> [Data]:
★ ★ ★ ★ ★ ★ ★

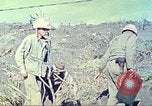 Image of 4th Marine Division Iwo Jima, 1945, second 16 stock footage video 65675063872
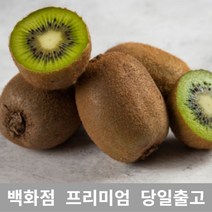 과일 (특등급) 오늘출고 그린키위5KG 그린키위 키위효능 키위농장 [WBB6638], 쿠팡 5KG, 쿠팡 본상품선택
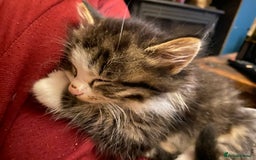Mixed Breed cats for sale: 4 kittens available mixed breed  - Image 2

★ ★ ★ ★ ★ ★ ★

> [Action item]:
Leave out every picture and copy verbatim the lines running from the line containing "과일 (특등급) 오늘출고" through the final line of the data.

> [Solution]:
 과일 (특등급) 오늘출고 그린키위5KG 그린키위 키위효능 키위농장 [WBB6638], 쿠팡 5KG, 쿠팡 본상품선택
Mixed Breed cats for sale: 4 kittens available mixed breed  - Image 2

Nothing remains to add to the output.